Column: U.S., Rome comparisons are flawed

Genseric sacking Rome. (Courtesy)

Genseric sacking Rome. (Courtesy)

A recent piece on these pages continued a long chain of people using the America-Rome argument for rhetorical purposes.

Do a quick Google search and you'll see what I'm talking about: "Will America soon fall, just as Rome did?" from Fox News in July 2013; "Is America A New Rome?" from Business Insider in 2011; "Rome and America: A Shared Fate?" from The National Interest in 2014.

It's apparently the cool thing to do - draw allusions to one of the greatest empires on Earth. Who wouldn't be stoked to wear togas and flip-flops to work every day?

But where's the drama? The excitement? No doom and gloom? Nah, Fox can't have any of that.

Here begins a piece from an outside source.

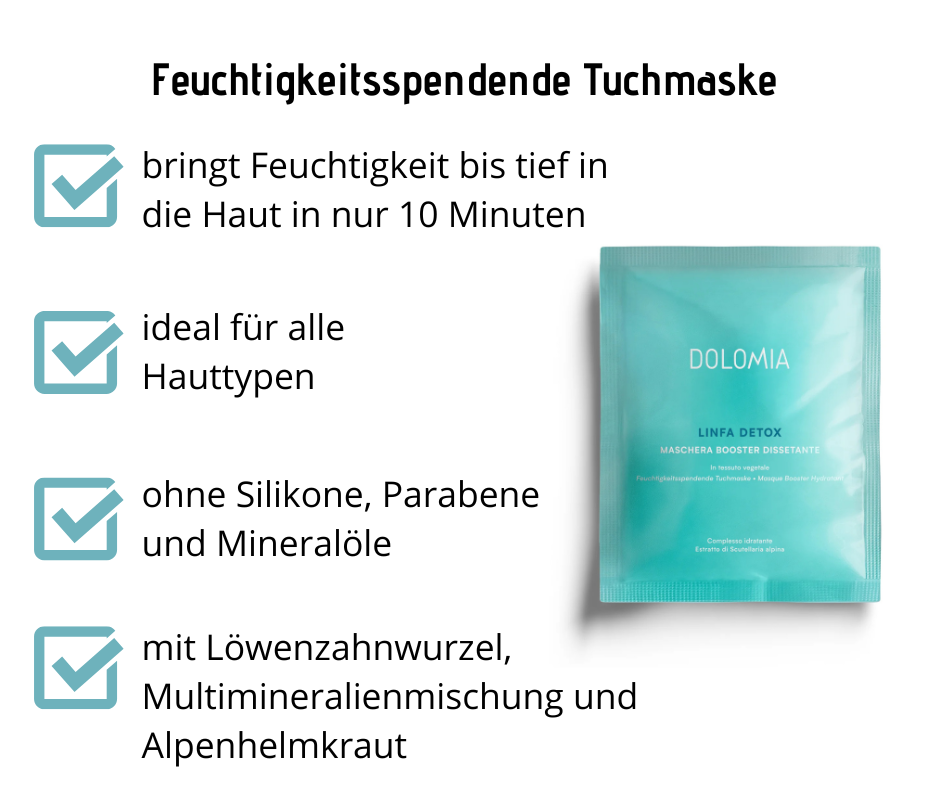 Feuchtigkeitsspendende Tuchmaske von Dolomia Detox bei Apotheke Zaversky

Yes, we are like Rome and yes, we are destined to fall just like them. The welfare state, the lack of morals and values, a sputtering war machine, economic hardships, the fall of democracy: you know, the playbook that won the midterm elections for the Republicans. #ThanksObama.

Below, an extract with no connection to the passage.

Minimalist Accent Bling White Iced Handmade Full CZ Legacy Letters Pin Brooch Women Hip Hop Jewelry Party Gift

History is a great ethos argument. It's happened before, so those events in the past carry credibility when it comes to cause and effect. When a country does this, a certain result will happen because a civilization in the past did the same thing.

It's an easy argument to make, but incredibly lazy and easy to pick apart when the history is wrong.

Let's chat about Rome. The Roman Empire was arguably one of the greatest civilizations on Earth, covering nearly 47 present-day countries and establishing Roman Law over nearly a quarter of all humans for more than 500 years. They gave us concrete, aqueducts, newspapers (how meta), welfare, the Julian Calender, odometers, sewers, paved roads, and more.

They were an autocracy, with the emperor having supreme power and senators providing advice.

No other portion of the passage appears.